You are correct, but I was wrong in assuming it could work that way.

split into 2 components you may be able to handle each one separately to get a 64 x 64 precision level.
NOT UNLESS you use some bignum library.
As far as I know, MASM can only handle the equivalent of 64 bits with REAL10, AND that would hold only if you modify the control word for precision in your program (finit does that); otherwise the default precision under Windows is 53 bits for floats.
If you declare a float in the data section with more than the maximum usable number of digits for a REAL10, the surplus ones are simply disregarded in the resulting binary equivalent which is stored.
If you try to split a float into its integer and fractional components as two separate entries in your data and later attempt to recombine them as an entity, any surplus 'digit' would again get dropped out, negating any intended gain in accuracy.

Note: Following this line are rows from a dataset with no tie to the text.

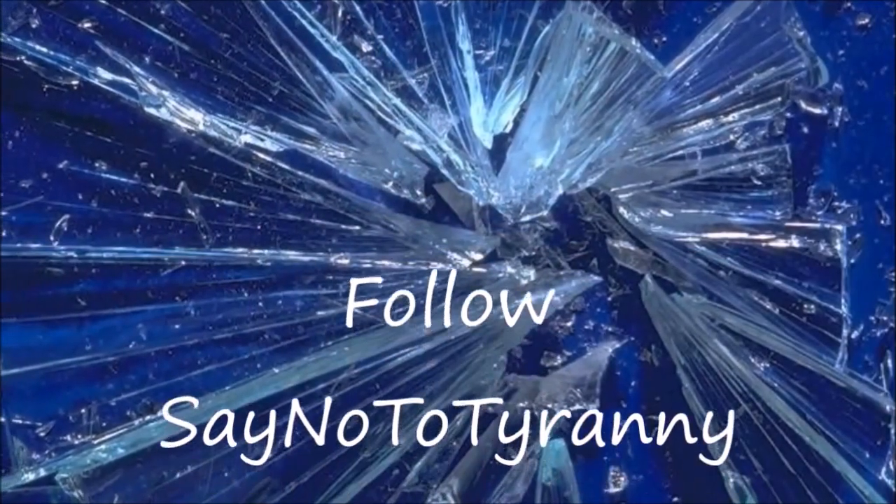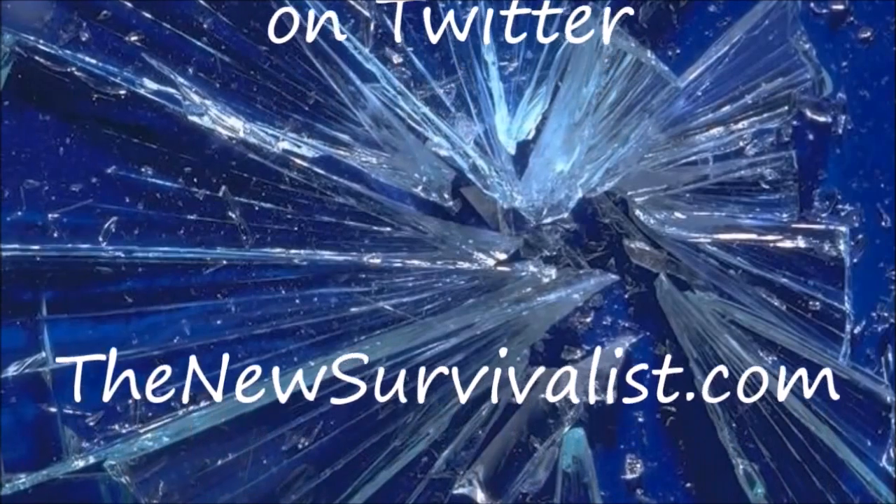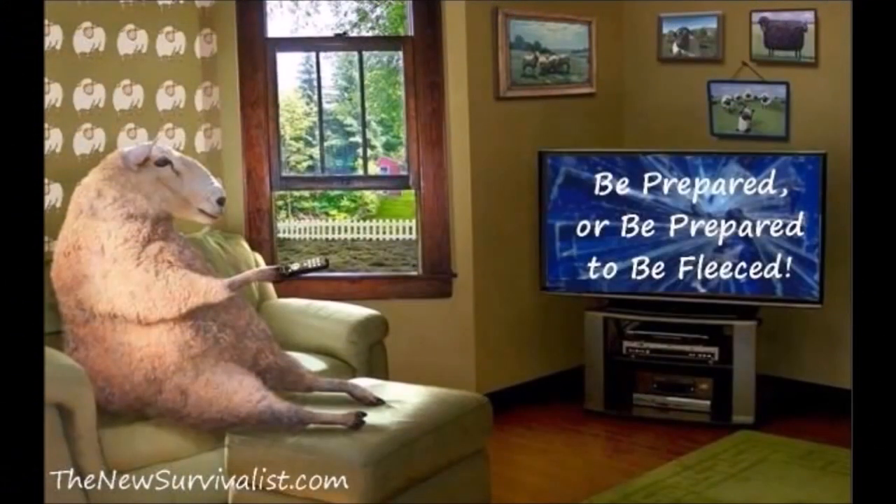This is Survival Doc reminding you: be prepared, or be prepared to be fleeced. I'll see you later. Bye.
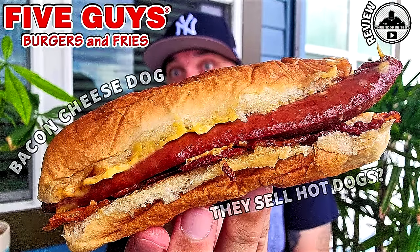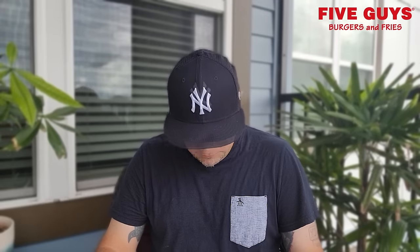Kind of a public service announcement as well: if you have never known that Five Guys Burgers and Fries actually sells hot dogs. So let's give it a rating on a scale of one to 100, with one meaning don't even waste your money and 100 being the promised land. I'm going to give the bacon and cheese hot dog from Five Guys a rating of 84. It's nice, I think it's overpriced — one notch below nice, which is normally my 85 score.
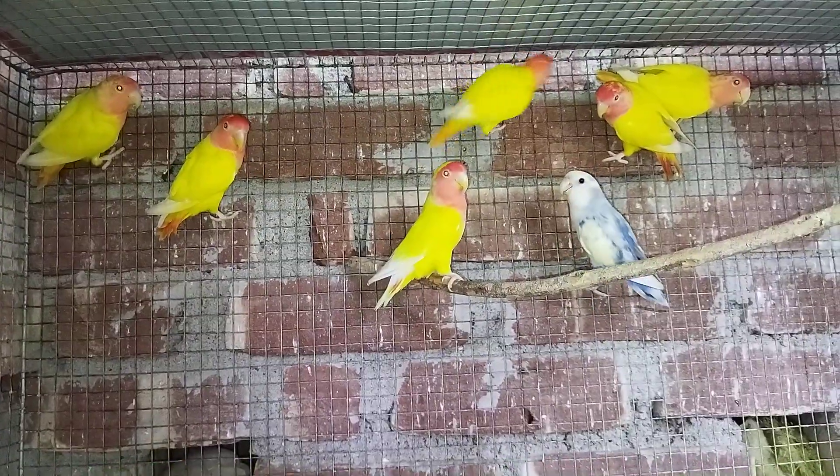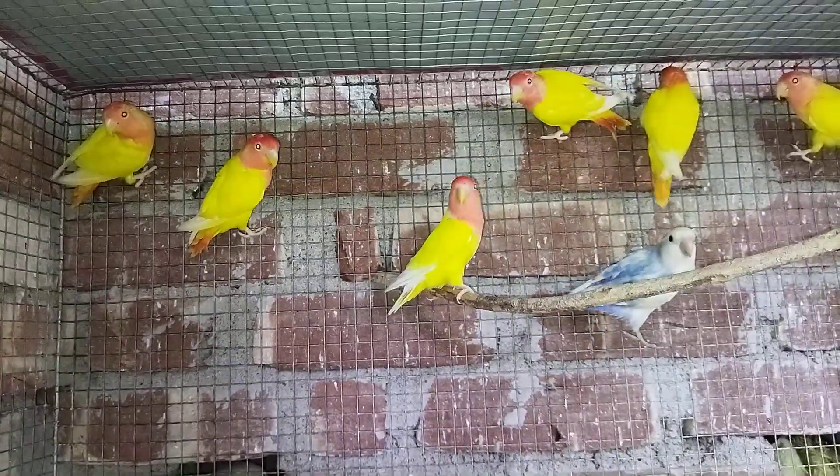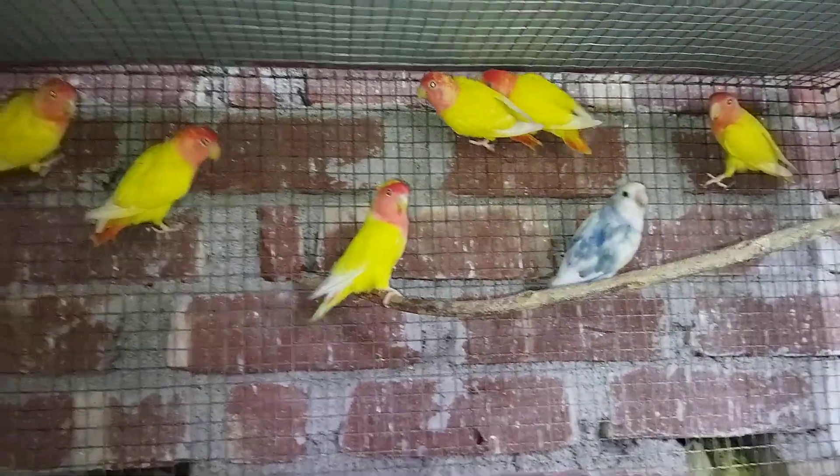When you have a fireplace and use the fireplace without the fireplace of this fireplace, you can see the fireplace.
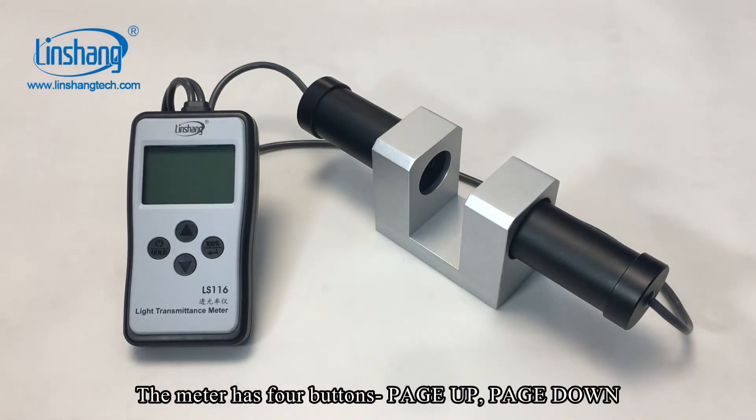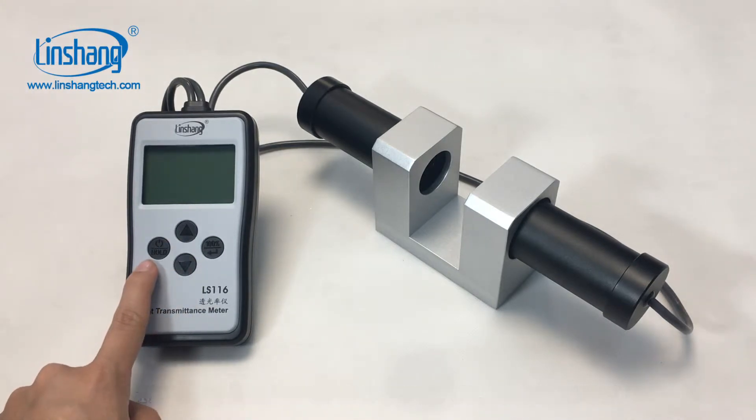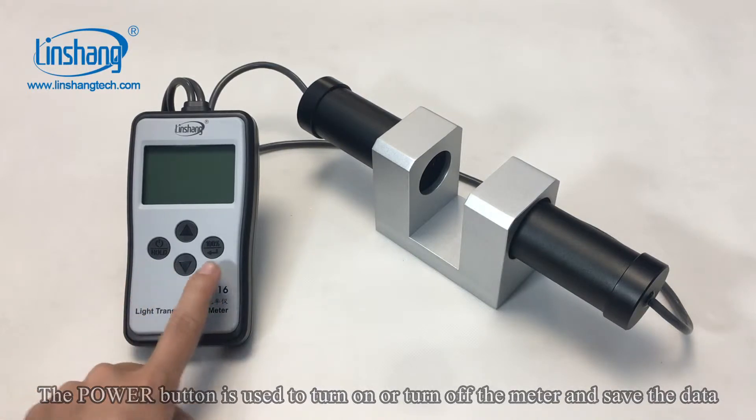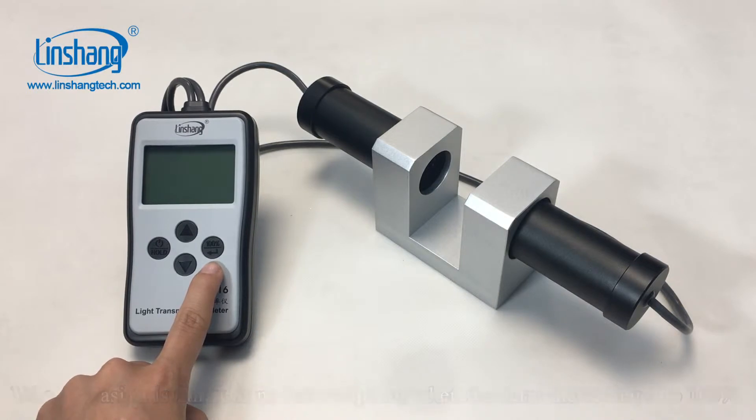The meter has four buttons: page up, page down. The power button is used to turn on the meter and save the data. The confirm button is used to confirm the setting.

Working with REAL10 we have 19 significant digits.
So, is not possible to print 123456.1234567890123456 even using the trick of subtracting the integer part from the whole number and print in 2 parts.
It is however possible to print: 123.1234567890123456 (eventually also 1234.1234567890123456, but is not guaranteed and we have to confirm).

You are only ever going to get the number of digits that the data size handles at its maximum. My own view is that in most instances, REAL4 or REAL8 do the job and while there are application for REAL10 or big number libraries but unless you are plotting points in other galaxies, the extra precision is not much use to you. The "sprintf" CRT function I have used has a number of flags for truncation or reduced precision levels, the alternative is to truncate the decimal fraction to an arbitrary count depending one what is required.
With the distinction between floating point string display and the actual floating point value, you can simply truncate the string to whatever is needed in the application but retain the actual fp value in the variable it is stored in. This would not be all that hard to code as you allocate the memory for the string plus 8 bytes, write the fp value at the start of the memory and write the string after it.

The windows runtime does not provide any function to print an 80bit floating point value (Delphi and Free Pascal have functions for that). We can do it with ASM, but as you said it is not needed at all. If we really need a huge amount of decimals, for example to calculate the value of PI with 1 billion decimals we will need to resort to a Big Number library which will do it in software.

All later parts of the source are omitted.